La Naveta des Tudons, a cinco kilómetros de Ciutadella, es el mejor conservado y también el más visitado de los monumentos megalíticos. Casi catorce metros de largo, una edificación de piedras superpuestas sin argamasa y en forma de nave invertida –de ahí su nombre–, sirvió de enterramiento colectivo en la edad del bronce.

Vestigios prehistóricos
Diferentes construcciones, como la taula, el talayot y los restos de murallas de Torrellafuda, rodeados de un bosquecillo de encinas, revelan la existencia de todo un poblado, y al interés puramente arqueológico se suma la emoción estética de su emplazamiento.
La piedra es omnipresente en esta isla de color: verde de los pastos y de las masas boscosas; ocre de unas tierras destinadas al cultivo que van abandonándose para ceder paso a instalaciones turísticas; blanco de los pequeños núcleos de población y las alquerías diseminadas por el campo; gris de los muretes que dividen las propiedades y de lamateria prima con que se han levantado sus monumentos de todos los tiempos.

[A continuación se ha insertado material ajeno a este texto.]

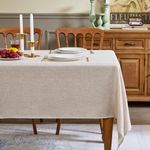 Fantastshop Linen Textured Tablecloth Rectangular for Dinning Room, Washable Stain Resistant Rectangle Table Cloth for Kitchen Outdoor, Rustic Farmhouse Style Room Decor, Beige, 54 x 78 Inch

Las canteras –pedreres– de donde se ha extraído desde la prehistoria la piedra de marès –así se llama la roca caliza del Migjorn por la gran cantidad de fósiles marinos que contiene– son unos de los atractivos más impresionantes y menos conocidos de Menorca. Se trata de grandiosos agujeros comidos a la tierra, galerías excavadas que se sustentan como las catedrales sobre imponentes columnas, con sus paredes escalonadas oscurecidas por el paso del tiempo y la brisa marina o todavía blancas por los cortes recientes. Alguna, como la de Sont Catlar, a mitad de camino entre Ciutadella y Son Saura, sirvió para la construcción de los monumentos talayóticos de la prehistoria. Otras, como la de Binicalsitx, a la derecha de la carretera que lleva a Cala Galdana, y la de S’Hostal, a la entrada de Ciutadella por el camino viejo de Maó, muestran la diferencia entre las zonas de extracción manual y mecánica. En la última, recuperada por la sociedad Líthica, un circuito laberíntico recorre desde la parte de cantera romana hasta las más recientes. En ellas se ven escaleras y terrazas, espacios inmensos cerrados por paredes en las que las heridas parecen aún sangrar y hondonadas en las que la vegetación ha invadido el espacio, pilares y columnas exentas, formaciones cubistas y figuras que pudieran haber sido creadas por la mente de un artista.
Si Maó y su puerto son el mejor punto de entrada a Menorca, Ciutadella es el lugar ideal para despedirla. Si la luz que conviene a Maó es la de la mañana que resalta la blancura de su casco urbano, a Ciutadella le favorece la caída del sol que tiñe de colores mágicos la piedra de iglesias y palacios, las fachadas amarillas y rosas, las contraventanas siempre verdes. La luz de poniente convierte en un espectáculo su pequeño puerto donde los barcos deportivos se mezclan con los de pesca, enciende los volúmenes de sus murallas y parece duplicar la enorme plaza d’es Born. Es en este espacio donde tienen lugar los actos centrales de las fiestas de San Juan, cuando jinetes y caballos en acrobacias imposibles caracolean al son de la música del «jaleo», una tradición que se remonta a las justas caballerescas medievales.
También en el rito de su fiesta mayor –que a lo largo del verano tiene la réplica en otras localidades menorquinas– conserva Ciutadella el sello señorial que la caracteriza. Al pasear por las calles del centro antiguo, sin aceras y libres de coches, se vive un salto ilusorio a otras épocas a las que nuestra imaginación atribuye una vida armoniosa en las que la contemplación de lo bello era algo normal y no una exigencia del turista.